The Digital LTL Council brings together carriers, logistics service providers, shippers and technology providers with the sole focus of developing a set of uniform standards that support the scalable automation and digitalization of LTL shipments.
“The past year has introduced a variety of conditions that has further challenged Uline and the entire transportation industry to find new ways to operate efficiently while reducing cost and maintaining the health and safety of our employees,” said Angelo Ventrone, VP of Logistics at Uline. “We’re excited to join other industry leaders to help create a set of standards and best practices that will enable the entire ecosystem to increase performance, meet customer needs and keep our supply chains moving despite unexpected disruptions such as a global pandemic, extreme weather, trade disruptions, closed borders and economic uncertainty.”

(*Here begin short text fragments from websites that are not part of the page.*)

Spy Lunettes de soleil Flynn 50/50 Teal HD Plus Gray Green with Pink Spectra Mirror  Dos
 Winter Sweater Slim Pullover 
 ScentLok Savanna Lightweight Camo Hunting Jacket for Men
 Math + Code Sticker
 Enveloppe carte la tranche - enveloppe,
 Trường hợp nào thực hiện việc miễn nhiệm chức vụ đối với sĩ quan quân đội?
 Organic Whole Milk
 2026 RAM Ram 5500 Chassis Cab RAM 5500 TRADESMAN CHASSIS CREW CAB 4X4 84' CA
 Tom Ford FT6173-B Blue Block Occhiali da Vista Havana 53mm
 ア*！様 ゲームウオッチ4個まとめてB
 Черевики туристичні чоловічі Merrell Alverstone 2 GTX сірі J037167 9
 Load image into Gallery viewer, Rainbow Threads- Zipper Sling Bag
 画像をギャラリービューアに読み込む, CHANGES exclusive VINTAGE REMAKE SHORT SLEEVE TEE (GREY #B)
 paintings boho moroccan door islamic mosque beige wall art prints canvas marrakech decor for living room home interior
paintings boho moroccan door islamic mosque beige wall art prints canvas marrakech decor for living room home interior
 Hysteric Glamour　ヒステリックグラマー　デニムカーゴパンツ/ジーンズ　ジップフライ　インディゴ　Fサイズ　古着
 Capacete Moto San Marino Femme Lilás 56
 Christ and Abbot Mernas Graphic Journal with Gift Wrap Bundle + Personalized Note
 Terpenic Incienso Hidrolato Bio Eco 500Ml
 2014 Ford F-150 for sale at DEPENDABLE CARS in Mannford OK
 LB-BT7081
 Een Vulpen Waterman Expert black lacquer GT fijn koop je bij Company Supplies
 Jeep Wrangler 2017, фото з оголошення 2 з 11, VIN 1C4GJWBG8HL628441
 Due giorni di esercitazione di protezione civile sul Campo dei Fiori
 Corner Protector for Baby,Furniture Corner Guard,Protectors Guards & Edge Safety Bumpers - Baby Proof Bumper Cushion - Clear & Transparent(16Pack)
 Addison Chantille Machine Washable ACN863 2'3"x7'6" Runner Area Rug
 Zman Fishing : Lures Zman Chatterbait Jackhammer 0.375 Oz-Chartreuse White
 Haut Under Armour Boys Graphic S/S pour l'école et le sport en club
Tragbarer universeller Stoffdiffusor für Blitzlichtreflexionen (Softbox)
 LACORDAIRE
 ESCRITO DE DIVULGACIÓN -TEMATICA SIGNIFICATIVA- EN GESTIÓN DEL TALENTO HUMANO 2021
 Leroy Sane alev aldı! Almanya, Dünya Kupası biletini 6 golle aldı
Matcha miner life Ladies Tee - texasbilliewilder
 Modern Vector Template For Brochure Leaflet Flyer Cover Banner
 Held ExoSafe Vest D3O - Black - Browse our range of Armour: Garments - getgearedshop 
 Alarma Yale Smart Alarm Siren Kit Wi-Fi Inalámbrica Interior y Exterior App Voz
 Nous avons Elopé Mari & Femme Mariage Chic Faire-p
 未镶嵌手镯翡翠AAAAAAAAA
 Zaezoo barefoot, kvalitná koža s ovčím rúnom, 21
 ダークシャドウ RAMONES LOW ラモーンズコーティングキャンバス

Member companies of the Digital LTL Council include:
• Averitt Express
• Blue Yonder
• C.H. Robinson
• Dayton Freight
• Echo Global Logistics
• Estes Express
• J. B. Hunt
• Manhattan Associates
• Old Dominion Freight Line
• Peninsula Truck Lines
• Pitt Ohio
• Quad Graphics
• SAIA LTL Freight
• Ward Trucking
• Worldwide Express
With the vision of supporting the automation of all shipping and billing workflows from payment to settlement, the council is currently concentrating on developing digital standards that address the most urgent and widespread pain points across the LTL industry. Ultimately, this will enable shippers, LSPs and carriers to build their systems to one standard and use it across the industry, increase productivity and develop more value-based strategic relationships.
Over the past 12 months, select council members, including Uline, Quad Graphics, Averitt Express and Pitt Ohio have been running beta projects focused on developing more standardized electronic BOL (eBOL) solutions. The development of this solution will foster stronger understanding of the data and processes needed to enable industry-wide adoption at scale.
Early results from the council indicate that once manufacturers or distributors digitize the LTL shipment lifecycle, “they’ll see an average of 2-4% cost savings per shipment. That total value delivered is comprised of many critical factors including increased network efficiency and on-time performance, reduced safety stock levels, decreased dwell times, improved carrier performance and heightened human resource efficiency,” says Christian Piller, Vice President of Value Engineering at project44.
As for the benefits to carriers, they’ll automate or even eliminate certain administrative, bill entry and customer service tasks, saving up to 1.3% of their current costs. This equates to industry savings of potentially $470 million.
“The benefits, of course, don’t stop there. In addition to eliminating manual data entry and risk of transcription errors, carrier systems receive shipment information sooner enabling advance operational planning and network optimization. Carriers estimate they could realize an additional 2% reduction in operational costs, making the industry-wide savings nearly $1.2 billion,” stated Brian Thompson, Chief Commercial Officer at SMC3.